Na história, a jovem Cecília de 16 anos, filha de um nobre português, se apaixona por Peri, um jovem indígena de 18 anos. O amor os une e a união desafia questões culturais. Também estão presentes no enredo a história da disputa entre os povos das tribos Aimoré e Guarani e o interesse econômico da Espanha na colônia portuguesa – esse, na figura de Gonzales, aventureiro que se interessa por Cecília. Mas, também e sobretudo, pelo domínio das terras dos indígenas.
A ópera estreou em 1870 no Teatro Scala de Milão e montá-la em 2023 requer atualizações. Com este intuito, como explica a diretora geral do Theatro Municipal de São Paulo, Andrea Caruso Saturnino, “assumimos o desafio de reunir um coletivo multicultural, incluindo pessoas com experiência fora do ambiente da ópera, que se prontificaram a mobilizar imagens, sons e textos no propósito de revelar outras possibilidades do libreto inspirado em José de Alencar”. Assim, somamos os saberes da casa, com a Orquestra Sinfônica Municipal e o Coro Lírico, sob a direção musical do maestro Roberto Minczuk, à concepção geral de Ailton Krenak e a participação de uma Orquestra e Coro Guarani, além de artistas indígenas, como o artista, curador, designer e ilustrador Denilson Baniwa, responsável pela cenografia e co-direção de arte. A direção cênica fica a cargo de Cibele Forjaz e soma-se ao trabalho de dramaturgista de Ligiana Costa, ao de direção de arte e cenografia de Simone Mina e ao de assistência musical de Lívio Tragtenberg.

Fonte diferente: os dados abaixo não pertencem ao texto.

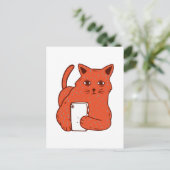 Adorable Fantasy Cat With a Cellphone Postkarte (Stehend Vorderseite)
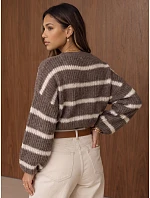 Dámsky oversized pruhovaný sveter s nastaviteľným pásom Fango FashionStreet MY2612 Dámsky oversized pruhovaný sveter s nastaviteľným pásom Fango FashionStreet MY2612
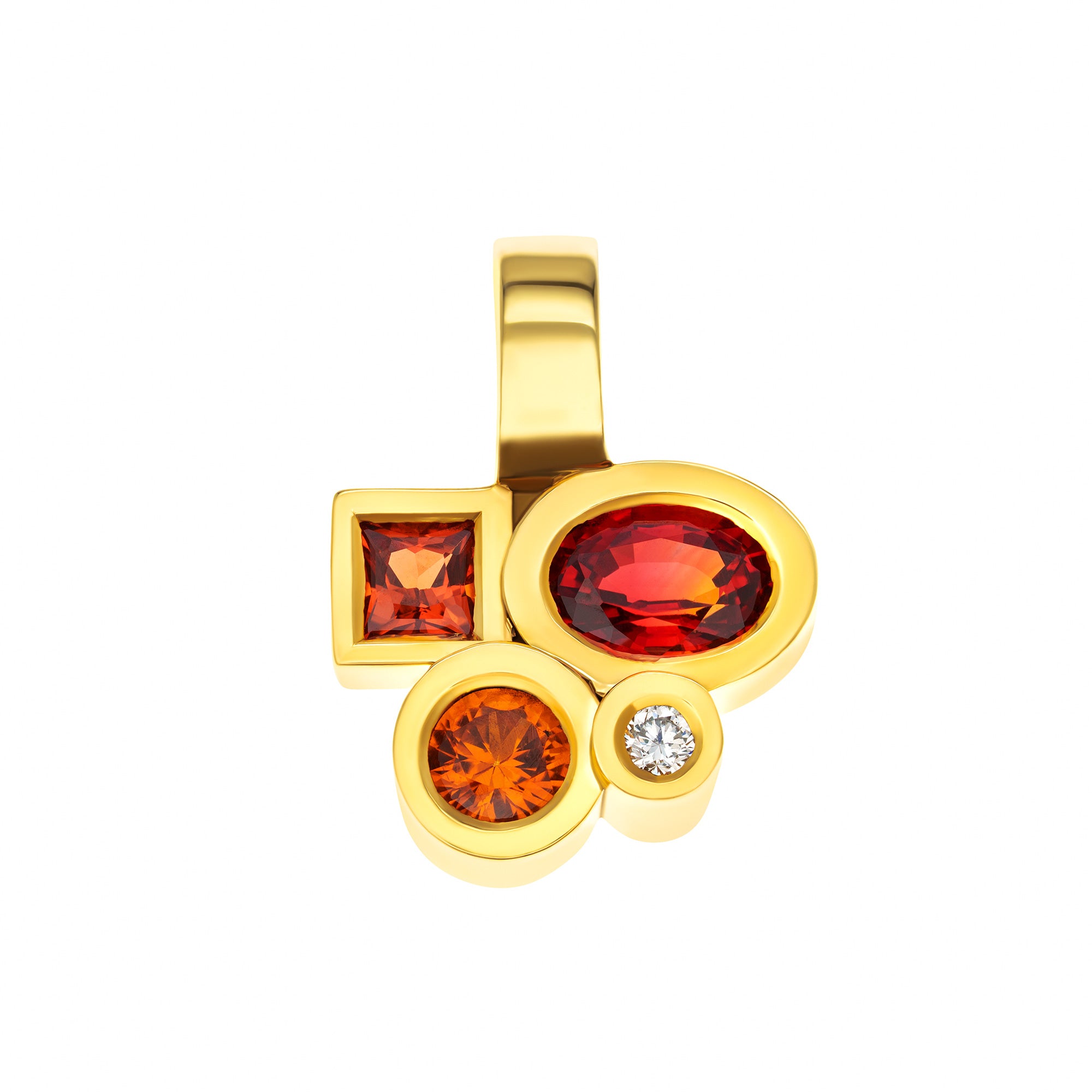 Pendentif Marélie N°1 rouge-orangé saphirs et diamant en or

Entre os intérpretes de Peri, destacam-se o brasileiro Atalla Ayan e o chileno Enrique Bravo nos diferentes elencos das récitas e, como Gonzales, se alternam os barítonos brasileiros Rodrigo Esteves e David Marcondes. Ceci, que já foi interpretada por grandes divas, entre elas a grande Bidú Sayão em 1936, terá como intérpretes a soprano bielorrusa Nadine Koutcher e a gaúcha Debora Faustino.
Para o maestro Roberto Minczuk, o Guarani é uma obra que tem um brilho único, tanto para as vozes protagonistas de Cecília e Peri, quanto para todos os demais personagens da ópera. “Traz partes virtuosísticas, empolgantes e sublimes para o Coro e também para a Orquestra. É uma ópera de um poder único e de uma vivacidade, que promete impressionar o público que a assiste”.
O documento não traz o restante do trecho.